The LG Uplus labor union is demanding in this year's wage and collective agreement talks that "30% of operating profit be paid as bonuses," stoking concern across the telecom industry. As growth in core telecom operations slows despite the need for investment in artificial intelligence (AI) and shareholder returns, the manufacturing-style "revenue-linked bonuses" demand appears to be spreading to common carriers.

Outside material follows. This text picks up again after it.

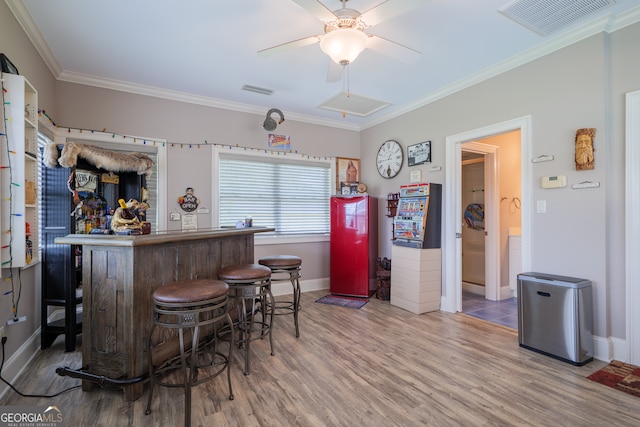 bar featuring crown molding, wood-type flooring, ceiling fan, and fridge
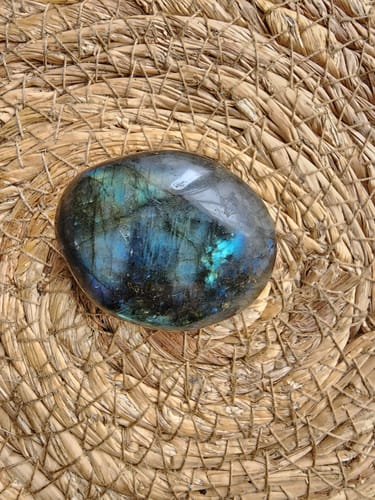 Customer's polished, iridescent monthly crystal resting on a woven surface.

According to the industry on the 4th, the LG Uplus joint bargaining team for wage and collective agreement talks held the third main negotiation with management on the 23rd of last month. The union demanded an 8% increase in wage aggregates, inclusion of PI·PS (productivity encouragement pay·performance bonus) in the average wage, establishment of a minimum title-based annual salary system, and payment of bonuses equal to 30% of operating profit. Last year, LG Uplus labor and management agreed to a 1.3% average wage increase plan (raise each employee's individual annual salary by 1.3% and then add 190,000 won).
The union's demands also include a 35-hour workweek with no wage cuts, extending the retirement age to 65, and improving the wage-peak system. They also include requiring labor-management agreement six months before AI adoption and banning artificial restructuring on the grounds of technology adoption.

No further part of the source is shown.